Romero, who worked in Shelbyville cleaning houses to support her elderly mother and her two sons who were attending college in El Salvador, had not been charged with any crimes other than those related to being an illegal immigrant, Pippin said.

On Oct. 13, 2005, immigration officials ordered Romero to leave the country within 90 days, according to federal court records.. She did not.

Pippin said Romero, who came to Kentucky from El Salvador three years ago, was arrested on Jan.14 by Kentucky State Police after giving federal immigration officials a false identification card. Mario Aguilar said officers were looking for another suspect when they knocked on Romero’s door.

As a result of the January charges, she spent five months in the Shelby County jail and was transferred to the Franklin County Regional Jail in May, where she stayed the last four months.

Romero entered a guilty plea that U.S. District Judge Danny C. Reeves signed Aug. 7. She was required to pay a $100 fine, but did not receive additional jail time.

Pippin said Franklin County Coroner Will Harrod told him that Romero was found Aug. 21 with a sheet around her neck.

Harrod did not return telephone calls Tuesday.

Pippin said he thinks officials are investigating the death as a suicide.

Franklin Chief Deputy Coroner Marchele Otten said Monday an autopsy was performed after the death, but her office had not received information from the state medical examiner’s office about a preliminary cause of death for Romero.

Franklin County Jailer Billy Roberts did not return several telephone calls Tuesday. But the The State Journal reported in an article last week that 911 was called around 11:15 p.m. Aug. 21 and Romero was taken by emergency medical personnel to the Frankfort Regional Medical Center, where she was pronounced dead just before midnight. Roberts told the paper that his staff tried to save Romero.

Aguilar, co-owner of Marimba’s Mexican restaurant in Shelbyville, said that on Aug. 18 Romero called him complaining of stomach pain and vomiting.
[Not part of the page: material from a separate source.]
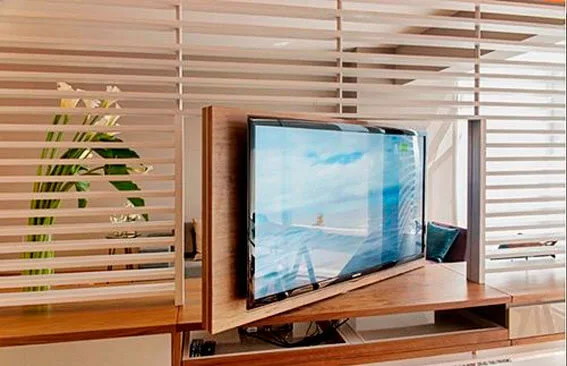 Painel de tv que gira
A female jail employee got on the phone and asked Aguilar to encourage his sister-in-law to eat.

But Aguilar said Romero told him that the food smelled bad and there was something wrong with it.

He said she called back again on Aug. 19 and said she was still sick. Aguilar said Romero told him she was placed in a dark isolation room on Aug. 20 for not eating.
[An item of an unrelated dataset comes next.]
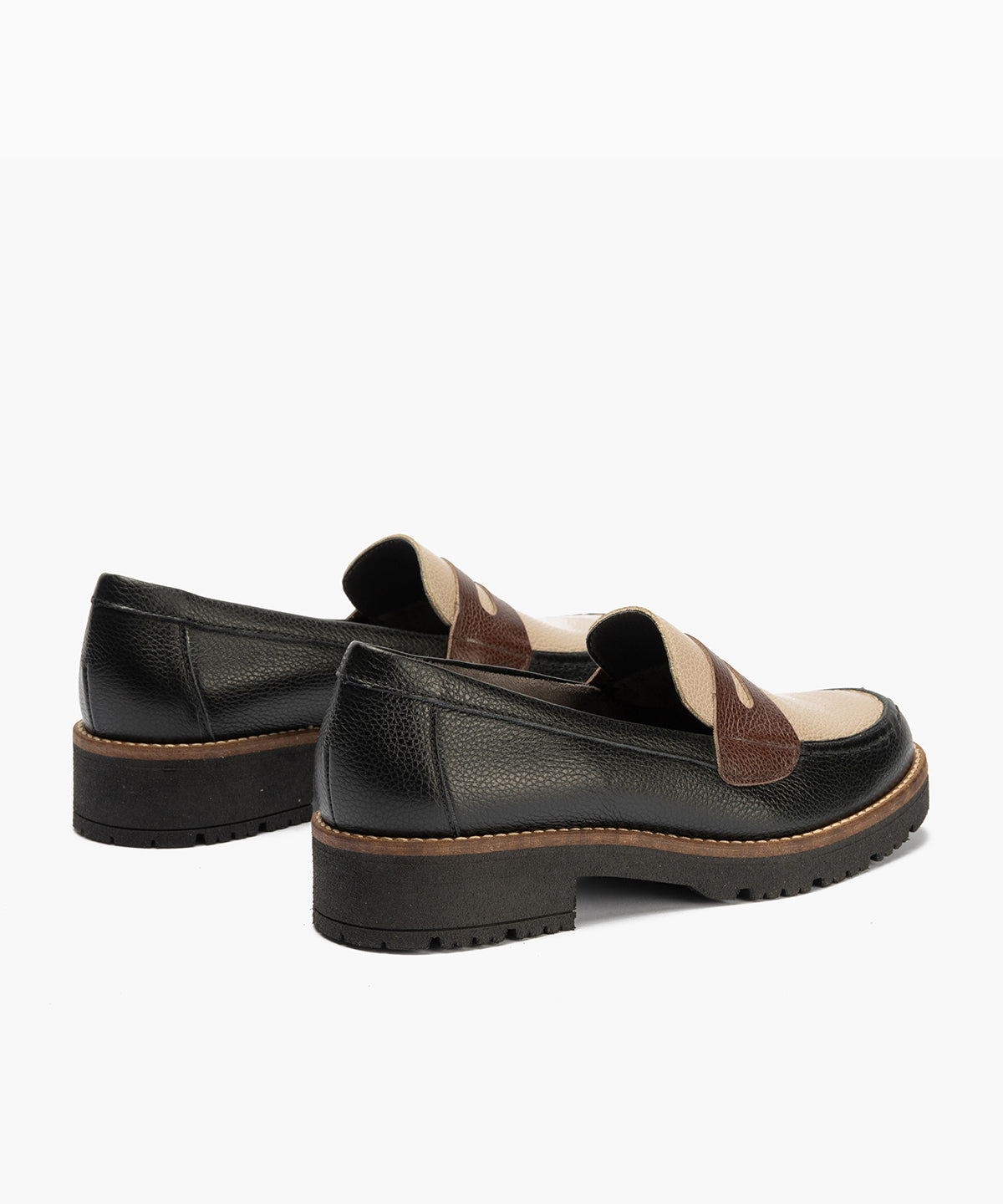 Mocasín antifaz con napa con grano combinado Negro-Topo-Marrón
“She had lost 30 to 35 pounds in the Franklin County jail because she did not want to eat the food,” Aguilar said.

Pippin said Romero showed no signs of depression or being suicidal in the days leading up to her death.

She had family who loved her here and at home in El Salvador, he said.

Pippin said that Romero’s family thinks her religious convictions would have prevented her from committing suicide.

“She was a devout Catholic,” he said.

Pippin said a state police detective refused to talk to him about the case. State police officials could not immediately be reached for comment.

Romero’s son, Asdrubal Velasquez of El Salvador, said in an e-mail to the Herald-Leader that his mother’s death, “was somewhat shocking for me and my brother.”

“We miss her,” Velasquez said, adding that it was “unfair” for the government not to give him and his brother information about their mother’s death.

No officials have talked to Romero’s family who saw her in the days leading up to her death, Pippin said.